Direi che sono due ricostruzioni corrette: la prima dipende ovviamente dall’accertamento della zona di mare in cui si trovava la nave, mentre la seconda è ovviamente giusta perché, trattandosi di militari al servizio dello Stato italiano, imbarcati su navi mercantili ma per svolgere servizio pubblico, hanno diritto all’immunità.
A suo giudizio come dovrebbe comportarsi l’Europa? Possiamo aspettarci un intervento diplomatico?
Su questo ho un atteggiamento piuttosto negativo, perché l’illecito di cui parlavamo è comunque nei confronti dell’Italia e non siamo nell’ambito delle competenze dell’Unione europea, quindi un’eventuale azione europea mal si giustifica in questo caso. Ovviamente da un punto di vista di pressione politica nulla eviterebbe all’Europa di intervenire, anzi è chiaro che sarebbero pressioni anche più forti di quelle esercitate da un singolo Stato.

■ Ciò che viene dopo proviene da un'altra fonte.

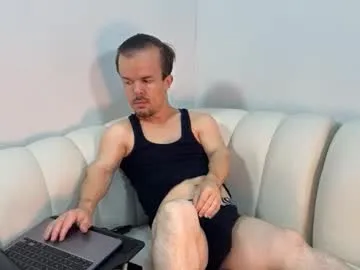 enjohnny – webcam model profile photo Image 9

Bisogna però tenere conto del fatto che l’India è un importante partner commerciale per molti stati europei, per cui ci potrebbe essere una tendenza a voler lasciare tutta la questione in mano all’Italia.
Come prevede che si risolverà tutta la vicenda?
E’ molto difficile dirlo, ma a mio avviso ci troviamo davanti a un braccio di ferro tra le autorità federali e quelle locali, anche se in questo momento stanno agendo le autorità giurisdizionali e amministrative locali. Credo che alla lunga non sarà facile far prevalere le esigenze locali su esigenze di politica estera e del diritto internazionale, quindi è probabile che per evitare di perdere la faccia, una possibile soluzione potrebbe essere quella di avviare un processo e arrivare alla sentenza di proscioglimento in istruttoria, così da chiudere definitivamente il procedimento giudiziario.